Those who steal our solitude not only take away humanistic property, but force material upon us that can put our lives in danger.
Advertising is an evolving entity. In the old days, there were fixed signs with a static display of company slogans. Once we became accustomed to these signs, new ones were invented with more distracting and vibrant colours and even moving parts to fight for our attention. As we became accustomed to these signs, they were made brighter. Concepts such as light chasers, lamp sequencers and the like were introduced so that motion arising from sequentially illuminated bulbs could further distract us.
Then came the pixel boards, which also got brighter as we became accustomed to them. Some pixel boards use as many as 2000 watts per pixel. When lights this bright are put along major highways, they pose a serious threat to road safety. Still, we do our best to ignore these distractions and keep our eyes on the road or on whatever task has our attention.
The latest trend is something I call “signal-band advertising”. It tries to trick us by resituating advertising (“noise”) into what we perceive to be a “signal” band. For example, we are now seeing WWW banner advertisements with an imitation of a cursor; thus, the user is momentarily tricked into thinking there are two cursors on his screen. The advertisement contains what looks like a cursor, which moves around very much like a real cursor normally does. These kinds of ads are the cyberspace equivalent of trying to get attention by yelling “Fire!” in a crowded movie theater.
Another example of signal-band advertising exists on parking-lot booms. By renting a sign on the boom of a parking lot, advertisers can further confuse drivers by placing ads where only road signs would normally be. We now need to distinguish between advertising and important road signs, both of which are directly in our path in the center of the road. The advertising is no longer only off to the side of the road. This theft of visual attention makes it that much harder to see stop signs and other important traffic markers.
Perhaps next, advertisers will start to make their signs red and octagon-shaped and hang them on lamp posts along the street, so they will be able to grab even more of our attention. A red octagon, with a product slogan in white letters in the center, posted at a busy intersection could get lots of attention and would be harder to ignore than traditional billboards.
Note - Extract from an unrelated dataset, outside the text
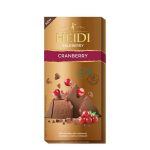 Шоколад молочний із журавлиною 30% какао Heidi Milkberry Cranberry 80 г Румунія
This is what I mean by “signal-band advertising”.
Those who steal our visual attention are not content to just clutter roads and open public space with advertising, but they appear to also want to intrude on more private spaces as well.
A solution to this problem may be obtained through something I call “Mediated Reality”. Mediated Reality (MR) differs from virtual reality (or augmented reality) in the sense that it allows us to filter out things we do not wish to have thrust upon us against our will. This capability is implicit in the notion of self-determination and mastery over one's own destiny. Just as a Sony Walkman allows us to drown out Muzak with our own choice of music, MR allows us to implement a “visual filter”. I will now describe how MR works. Later, we will see the importance of a good software basis for MR and why Linux was selected as the operating system for the apparatus of the invention (WearComp) upon which MR is based.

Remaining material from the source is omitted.